Barbosa has been training frequently at Fit-N-Wise Rehabilitation and Performance Center in Decatur in preparation for qualifying for his fourth World Finals later this year.

The Iaciara, Brazil, native also wants to be stronger for the PBR Global Cup on Nov. 9-11 in Edmonton, Alberta, after he was the last rider to earn a guaranteed spot for Team Brazil last weekend in Nashville, Tennessee.

“My will is the same, but my body isn’t reacting the same because I am not 18 years old,” Barbosa said.

Barbosa has struggled since breaking his ankle inside the bucking chute in April attempting to ride Moleek.

Dr. Tandy Freeman and the PBR Sports Medicine Team recommended surgery or an ankle brace to Barbosa, who has decided to not opt for surgery.

The PBR sports medicine team offers the best care at every Built Ford Tough Series event and offers rehab, training and recovery programs for its bull riders to perform while at home or on the road.

“If I do surgery, I would be out for a long period of time,” Barbosa said. “So I have been riding with a brace and I am not in pain when I ride. It is getting better.”

The results have not been positive for Barbosa, though.

Barbosa, who broke the same ankle in 2015, has since gone 0-for-7 on the Built Ford Tough Series and 0-for-9 overall.

“After 4 seconds I get lost,” Barbosa said. “I kind of am lost on the bull. The first four I am fine, but after that I am not. I have been training on that specifically for the last week.”

Barbosa is 13-for-46 (28.26 percent) in 17 events and only needs five more qualified rides this year to set a new career-high. His previous best was 17 rides (2016).

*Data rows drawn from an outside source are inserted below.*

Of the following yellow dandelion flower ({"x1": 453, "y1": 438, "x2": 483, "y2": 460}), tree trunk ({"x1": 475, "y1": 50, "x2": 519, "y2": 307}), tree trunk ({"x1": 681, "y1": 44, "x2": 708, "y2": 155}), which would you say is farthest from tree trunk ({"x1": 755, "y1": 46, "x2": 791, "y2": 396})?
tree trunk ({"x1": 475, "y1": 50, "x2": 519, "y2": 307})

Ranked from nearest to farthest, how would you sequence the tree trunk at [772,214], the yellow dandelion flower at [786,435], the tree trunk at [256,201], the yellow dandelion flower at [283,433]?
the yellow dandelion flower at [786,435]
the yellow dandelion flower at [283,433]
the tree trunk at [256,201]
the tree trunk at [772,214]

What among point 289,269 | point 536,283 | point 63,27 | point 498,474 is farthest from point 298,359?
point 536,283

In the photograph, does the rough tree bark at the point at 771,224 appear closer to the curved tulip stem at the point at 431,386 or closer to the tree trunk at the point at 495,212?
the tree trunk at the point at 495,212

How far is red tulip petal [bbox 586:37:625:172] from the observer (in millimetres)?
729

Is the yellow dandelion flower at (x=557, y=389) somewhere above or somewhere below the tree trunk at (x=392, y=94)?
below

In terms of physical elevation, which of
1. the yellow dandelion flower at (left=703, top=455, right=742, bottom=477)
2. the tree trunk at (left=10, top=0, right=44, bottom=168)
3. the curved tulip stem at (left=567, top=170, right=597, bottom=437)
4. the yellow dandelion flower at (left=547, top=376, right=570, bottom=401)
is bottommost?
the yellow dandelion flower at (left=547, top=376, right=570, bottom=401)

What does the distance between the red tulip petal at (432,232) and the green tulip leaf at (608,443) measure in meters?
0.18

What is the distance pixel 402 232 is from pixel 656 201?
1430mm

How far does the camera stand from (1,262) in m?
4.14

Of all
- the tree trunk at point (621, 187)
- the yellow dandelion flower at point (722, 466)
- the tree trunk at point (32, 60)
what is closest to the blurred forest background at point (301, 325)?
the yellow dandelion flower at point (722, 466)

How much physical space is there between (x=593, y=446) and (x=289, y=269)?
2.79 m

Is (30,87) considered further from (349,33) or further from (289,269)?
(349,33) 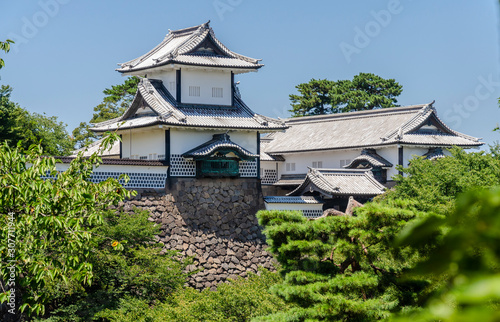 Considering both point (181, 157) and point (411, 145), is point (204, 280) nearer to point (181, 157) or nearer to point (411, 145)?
point (181, 157)

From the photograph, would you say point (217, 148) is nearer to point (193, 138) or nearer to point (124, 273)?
point (193, 138)

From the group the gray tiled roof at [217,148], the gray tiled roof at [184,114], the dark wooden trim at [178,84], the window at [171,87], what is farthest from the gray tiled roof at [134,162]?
the window at [171,87]

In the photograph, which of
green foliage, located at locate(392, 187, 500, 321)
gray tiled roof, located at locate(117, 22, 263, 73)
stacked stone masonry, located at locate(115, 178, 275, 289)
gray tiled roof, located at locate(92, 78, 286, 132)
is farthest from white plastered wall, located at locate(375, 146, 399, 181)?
green foliage, located at locate(392, 187, 500, 321)

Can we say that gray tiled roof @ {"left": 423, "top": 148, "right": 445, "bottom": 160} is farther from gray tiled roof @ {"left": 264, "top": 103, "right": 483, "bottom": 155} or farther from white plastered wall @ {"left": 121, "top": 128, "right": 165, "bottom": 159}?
white plastered wall @ {"left": 121, "top": 128, "right": 165, "bottom": 159}

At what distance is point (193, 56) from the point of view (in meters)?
22.2

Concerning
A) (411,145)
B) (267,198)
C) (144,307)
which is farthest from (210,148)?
(411,145)

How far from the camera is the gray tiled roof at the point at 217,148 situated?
2069 cm

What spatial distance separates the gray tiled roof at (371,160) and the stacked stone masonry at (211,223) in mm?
9681

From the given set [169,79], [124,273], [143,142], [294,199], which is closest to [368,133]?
[294,199]

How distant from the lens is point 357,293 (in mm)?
10695

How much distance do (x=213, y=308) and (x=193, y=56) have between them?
34.7ft

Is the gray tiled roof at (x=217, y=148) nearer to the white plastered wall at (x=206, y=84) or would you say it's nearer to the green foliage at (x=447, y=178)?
the white plastered wall at (x=206, y=84)

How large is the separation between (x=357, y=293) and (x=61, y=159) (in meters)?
10.4

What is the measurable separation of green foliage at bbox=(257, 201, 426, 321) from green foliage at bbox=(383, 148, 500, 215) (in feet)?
24.5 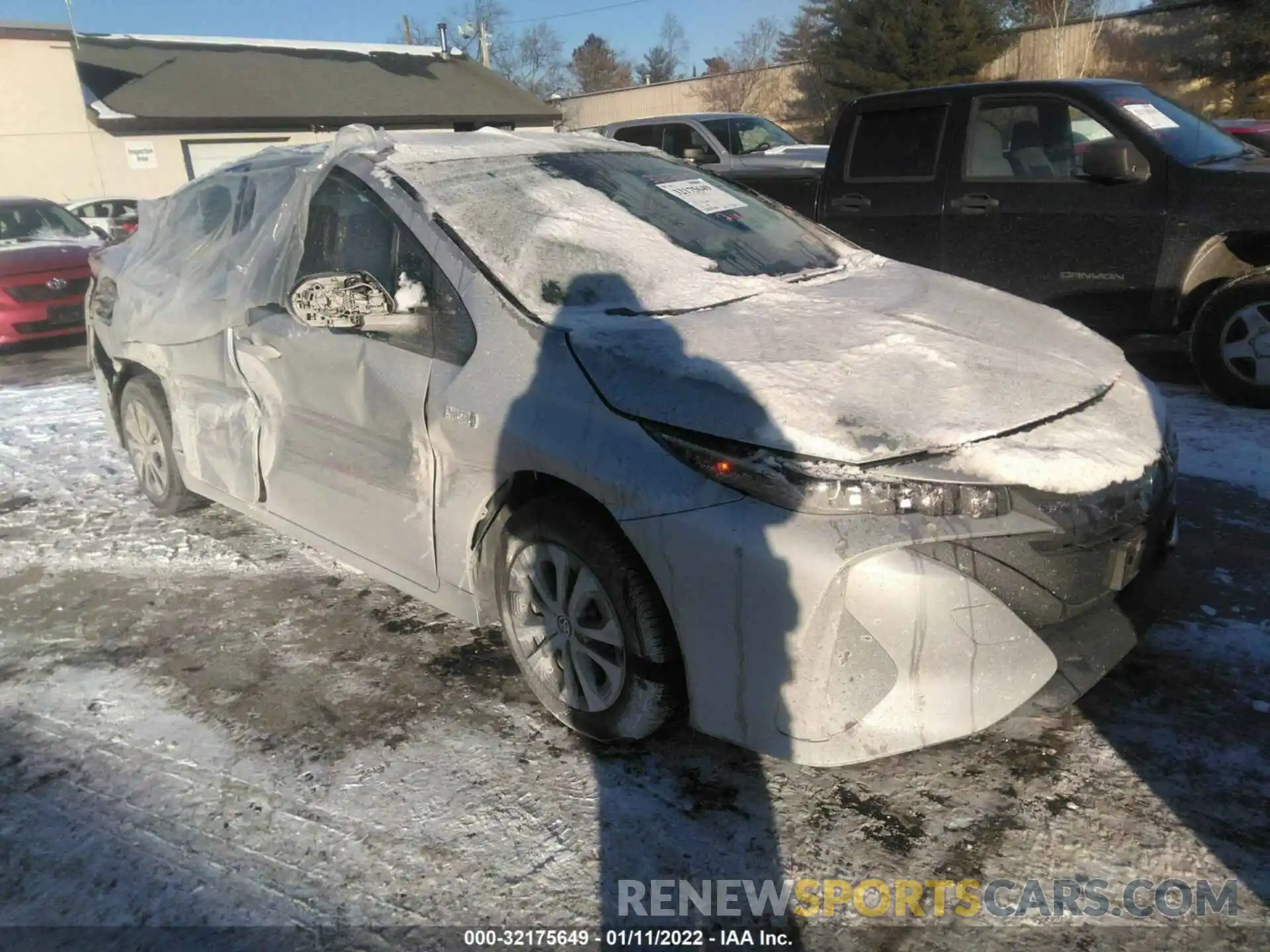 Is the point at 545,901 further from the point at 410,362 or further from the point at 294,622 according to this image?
the point at 294,622

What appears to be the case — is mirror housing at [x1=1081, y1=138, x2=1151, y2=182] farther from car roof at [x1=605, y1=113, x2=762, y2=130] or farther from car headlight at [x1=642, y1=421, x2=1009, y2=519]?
car roof at [x1=605, y1=113, x2=762, y2=130]

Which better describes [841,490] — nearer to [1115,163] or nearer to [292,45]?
[1115,163]

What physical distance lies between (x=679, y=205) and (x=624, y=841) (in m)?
2.32

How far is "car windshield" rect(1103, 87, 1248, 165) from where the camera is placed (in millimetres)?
5574

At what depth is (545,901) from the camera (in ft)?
7.57

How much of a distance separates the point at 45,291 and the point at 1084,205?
9755 millimetres

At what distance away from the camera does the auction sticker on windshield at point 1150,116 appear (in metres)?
5.68

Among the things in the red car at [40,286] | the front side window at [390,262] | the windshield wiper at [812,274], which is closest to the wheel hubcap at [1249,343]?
the windshield wiper at [812,274]

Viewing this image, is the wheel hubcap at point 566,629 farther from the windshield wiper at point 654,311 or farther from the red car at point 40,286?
the red car at point 40,286

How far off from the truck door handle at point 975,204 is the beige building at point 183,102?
10.5m

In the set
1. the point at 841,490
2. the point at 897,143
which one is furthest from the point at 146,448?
the point at 897,143

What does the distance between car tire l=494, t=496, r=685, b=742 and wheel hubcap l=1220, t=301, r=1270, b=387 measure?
4383mm

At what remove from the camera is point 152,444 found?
4.81 meters

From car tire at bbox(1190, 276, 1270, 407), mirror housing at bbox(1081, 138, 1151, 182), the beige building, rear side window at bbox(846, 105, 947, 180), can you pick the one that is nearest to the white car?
the beige building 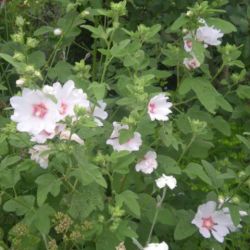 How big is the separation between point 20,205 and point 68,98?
1.39ft

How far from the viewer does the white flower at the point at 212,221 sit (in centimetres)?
219

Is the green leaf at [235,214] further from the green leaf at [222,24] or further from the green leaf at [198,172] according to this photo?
the green leaf at [222,24]

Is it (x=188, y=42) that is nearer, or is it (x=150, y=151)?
(x=150, y=151)

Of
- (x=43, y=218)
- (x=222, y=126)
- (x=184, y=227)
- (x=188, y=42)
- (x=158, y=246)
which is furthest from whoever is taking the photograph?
(x=222, y=126)

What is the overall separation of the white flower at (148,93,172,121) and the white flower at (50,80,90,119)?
0.97 ft

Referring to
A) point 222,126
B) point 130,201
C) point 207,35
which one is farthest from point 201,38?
point 130,201

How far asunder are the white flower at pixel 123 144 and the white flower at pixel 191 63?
1.58 feet

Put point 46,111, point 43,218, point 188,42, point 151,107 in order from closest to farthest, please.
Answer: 1. point 46,111
2. point 43,218
3. point 151,107
4. point 188,42

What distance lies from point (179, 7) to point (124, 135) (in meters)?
1.51

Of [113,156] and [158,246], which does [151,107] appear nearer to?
[113,156]

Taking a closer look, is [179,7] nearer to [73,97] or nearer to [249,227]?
[249,227]

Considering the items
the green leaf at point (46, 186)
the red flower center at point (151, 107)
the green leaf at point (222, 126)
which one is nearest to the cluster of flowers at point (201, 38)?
the green leaf at point (222, 126)

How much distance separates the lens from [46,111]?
171 cm

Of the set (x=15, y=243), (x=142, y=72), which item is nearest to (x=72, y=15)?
(x=142, y=72) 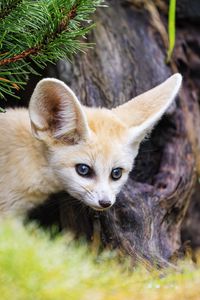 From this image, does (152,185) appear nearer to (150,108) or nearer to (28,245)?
(150,108)

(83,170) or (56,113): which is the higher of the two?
(56,113)

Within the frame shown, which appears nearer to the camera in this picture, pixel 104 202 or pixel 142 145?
pixel 104 202

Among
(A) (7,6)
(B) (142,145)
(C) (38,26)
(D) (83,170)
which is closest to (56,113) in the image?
(D) (83,170)

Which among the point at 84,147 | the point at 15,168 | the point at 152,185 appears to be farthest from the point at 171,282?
the point at 152,185

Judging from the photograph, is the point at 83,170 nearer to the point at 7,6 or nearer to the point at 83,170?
the point at 83,170

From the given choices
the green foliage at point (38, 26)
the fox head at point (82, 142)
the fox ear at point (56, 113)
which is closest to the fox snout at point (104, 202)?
the fox head at point (82, 142) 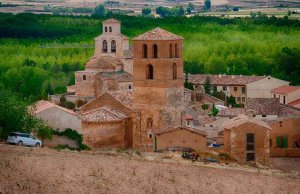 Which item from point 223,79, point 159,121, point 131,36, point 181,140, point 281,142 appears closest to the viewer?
point 181,140

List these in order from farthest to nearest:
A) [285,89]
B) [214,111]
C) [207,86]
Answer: [207,86] < [285,89] < [214,111]

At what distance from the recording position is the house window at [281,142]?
48.8 metres

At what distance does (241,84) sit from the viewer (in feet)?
239

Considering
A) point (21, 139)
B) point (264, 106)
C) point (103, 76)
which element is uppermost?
point (21, 139)

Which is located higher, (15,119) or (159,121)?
(15,119)

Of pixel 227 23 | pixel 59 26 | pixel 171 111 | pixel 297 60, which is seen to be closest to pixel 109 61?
pixel 171 111

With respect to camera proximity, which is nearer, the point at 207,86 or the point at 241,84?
the point at 207,86

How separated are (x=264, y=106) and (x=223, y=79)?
20410 millimetres

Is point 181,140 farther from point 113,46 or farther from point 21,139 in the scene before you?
point 113,46

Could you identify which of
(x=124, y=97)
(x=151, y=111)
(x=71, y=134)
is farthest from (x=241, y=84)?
(x=71, y=134)

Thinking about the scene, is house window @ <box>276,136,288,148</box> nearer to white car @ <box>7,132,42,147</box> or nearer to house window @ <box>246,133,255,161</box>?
house window @ <box>246,133,255,161</box>

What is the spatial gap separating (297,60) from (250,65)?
4.55m

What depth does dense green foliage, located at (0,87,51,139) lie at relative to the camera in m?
37.5

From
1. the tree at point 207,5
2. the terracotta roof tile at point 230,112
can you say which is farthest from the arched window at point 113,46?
the tree at point 207,5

Barbosa will look to turn things around when he flies to California on Saturday for the Real Time Pain Relief Velocity Tour event in Salinas, California, at 6 p.m. PT.

Also tentatively competing in Salinas is No. 7 Fabiano Vieira, No. 10 Cody Teel, No. 18 Claudio Montanha Jr., No. 19 Marco Eguchi, No. 22 Dener Barbosa, No. 23 Luciano de Castro, No. 29 Koal Livingston, No. 30 Ramon de Lima and No. 31 Emilio Resende.

Barbosa still believes he can finish the season strong and post the first Top-20 finish of his career.

“I am going to train a lot harder now,” Barbosa concluded. “I want to strengthen everything so I can get there prepared.”